The risk of death with PMBV is less than 1%. This risk is higher in elderly or severely ill patients and those in shock at the time of the procedure.

The risk of transient ischemic attack and or cerebrovascular accident is minimized with routine preprocedural transesophageal echocardiography (TEE) to exclude left atrial thrombus. With TEE, this risk is equivalent to other catheter-based procedures.

The risk of cardiac perforation is approximately 1%.

An iatrogenic atrial septal defect is almost always present immediately after PMBV by antegrade approach. This small puncture, however, almost always closes spontaneously within weeks.
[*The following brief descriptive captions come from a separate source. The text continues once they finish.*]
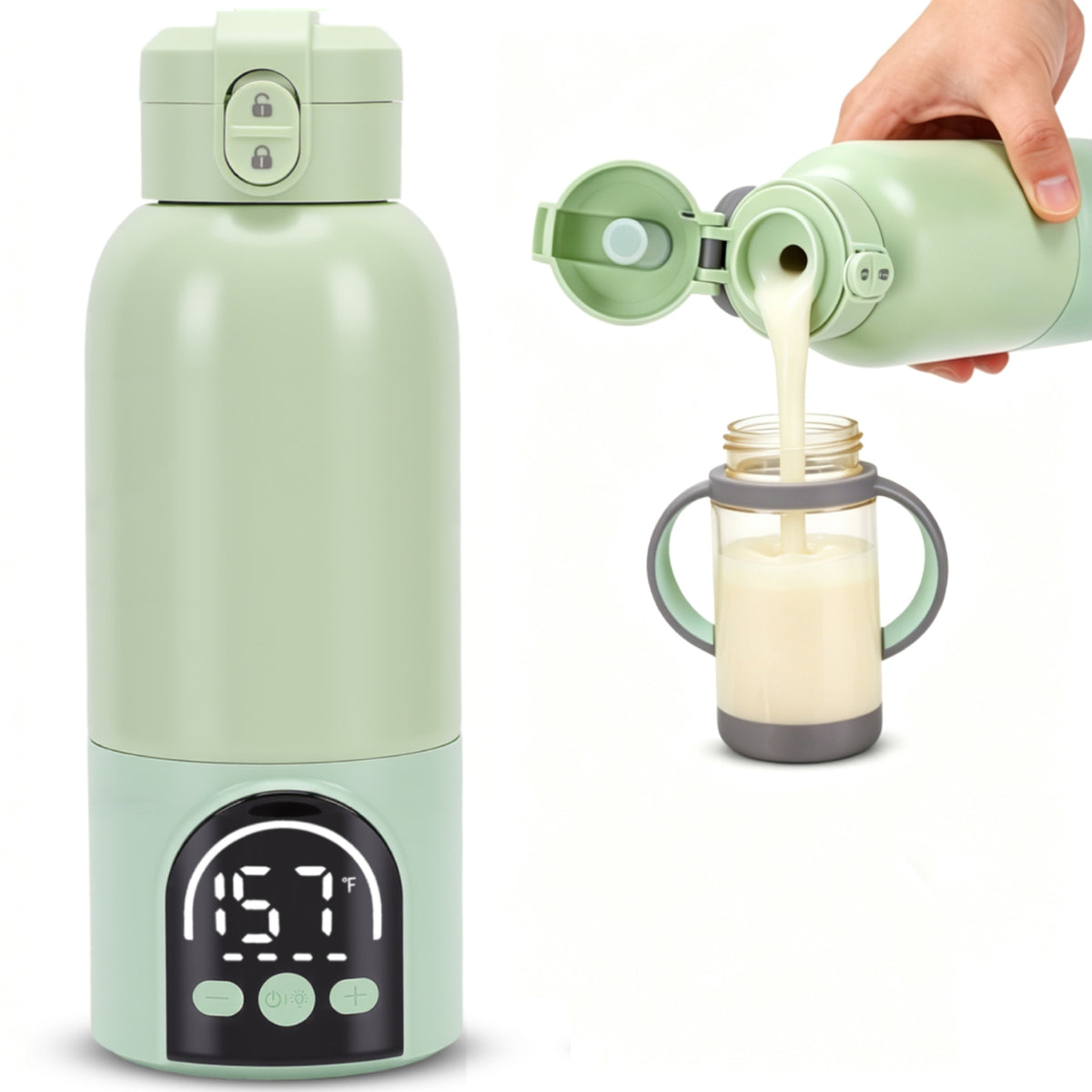 Portable Milk Warmer for Travel – Adjustable Temperature for Breast Milk & Water,Baby Bottle Warmer with Night Light, 17 Ounces,Green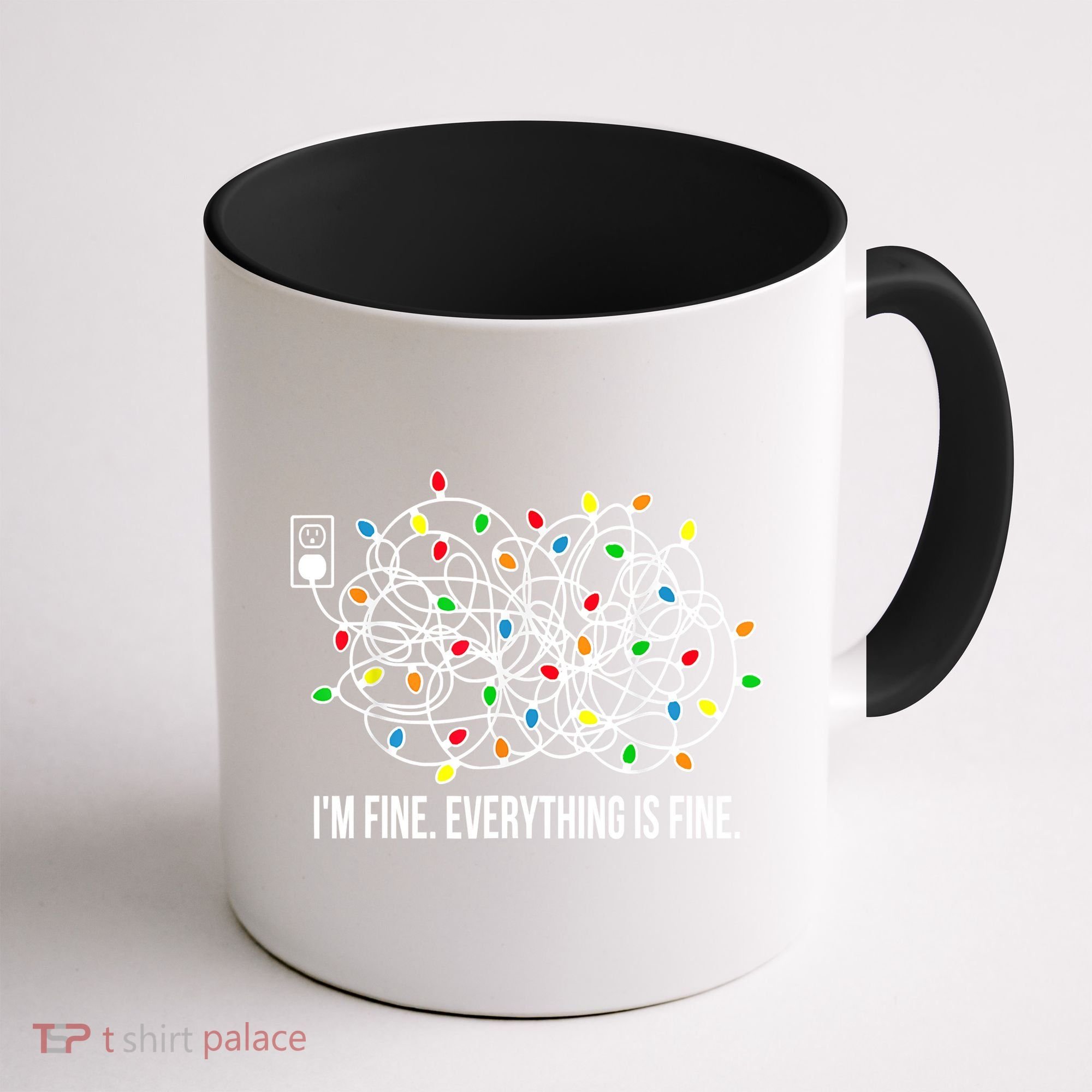It's Fine I'm Fine Everything Is Fine Funny Christmas Lights Coffee Mug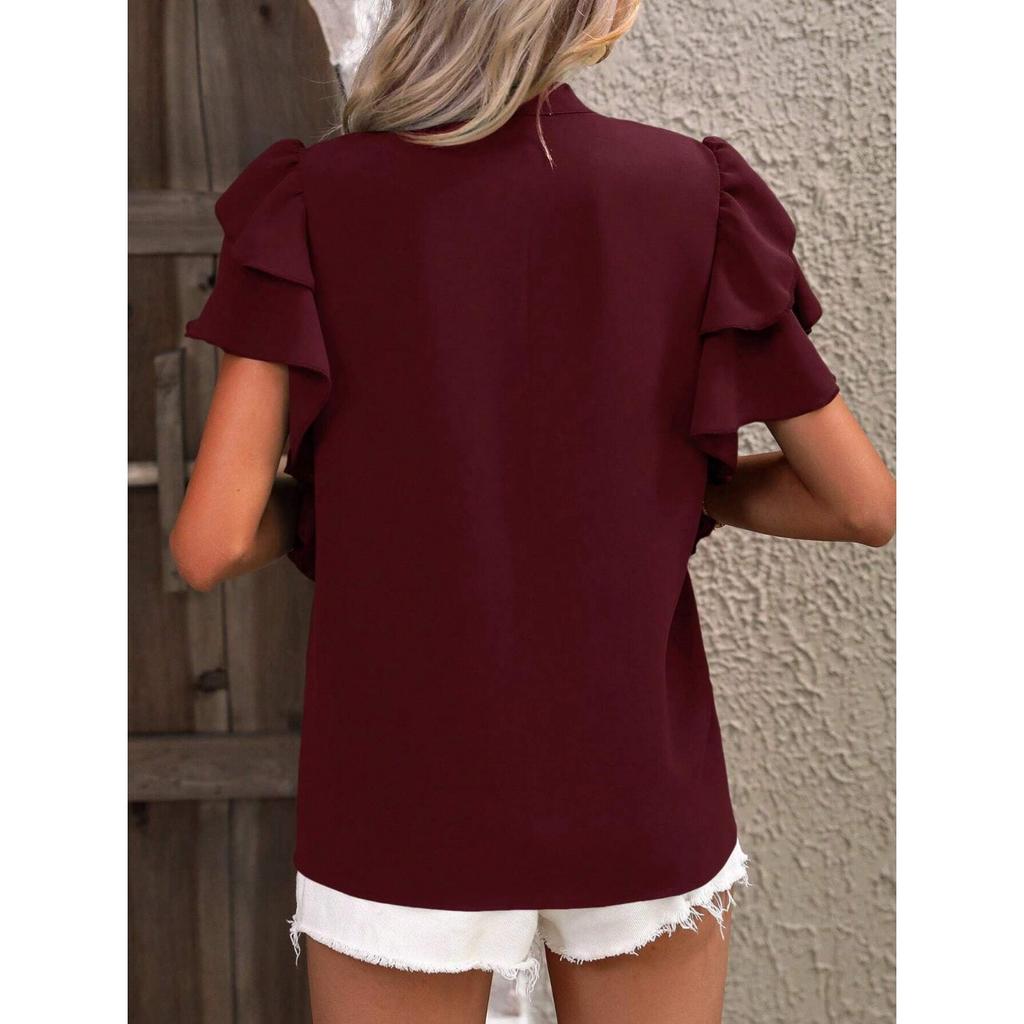 GMXIA Women's Summer V-neck Casual Double Layer Lotus Sleeve Solid Color Shirt Top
Less than 2% of patients have a persistent shunt fraction greater than 1.5:1, which is more likely if left atrial pressures are persistently elevated.[21]

 

Mitral valve area increases on average from 1.0 cm2 to 2.0 cm2 after percutaneous mitral balloon valvuloplasty (PMBV). Overall survival rates at 5 years are approximately 70% in the United States.[22] A preprocedural echocardiographic score of less than 8 predicts a 5-year event-free survival rate of 80%.[23] Mitral stenosis does occasionally progress. A mitral valve area (MVA) reduction greater than 0.3 cm2 occurs in 27% of patients. Mitral regurgitation usually does not progress.[24]

The National Heart, Lung, and Blood Institute (NHLBI) Balloon Valvuloplasty Registry followed up with 736 patients after PMBV.[25] Event-free survival (free from death, mitral valve surgery, or repeat valvuloplasty) was 80% at 1 year, 71% at 2 years, 66% at 3 years, and 60% at 4 years.

A study followed patients for up to 20 years following PBMV (mean follow-up: 11.6 ± 4.9 years) in 441 patients.[26] The rate of cardiovascular death, need for mitral valve surgery or repeat PMBV were 9.1%, 27%, and 5.9% respectively. Survival free of major adverse cardiac events at 20 years was 35.9 ± 4.7%.[26]  

 

A novel echocardiographic scoring system based on calcification, especially commissural, and subvalvular involvement predicted outcomes after percutaneous mitral balloon valvuloplasty (PMBV) better than the standard score and may offer a complementary evaluation to the current scoring system.[27]

Controversy remains over the best treatment and role for mitral valvuloplasty in patients with asymptomatic moderate to severe mitral stenosis, symptomatic mild mitral stenosis, and symptomatic severe mitral stenosis with unfavorable anatomic characteristics.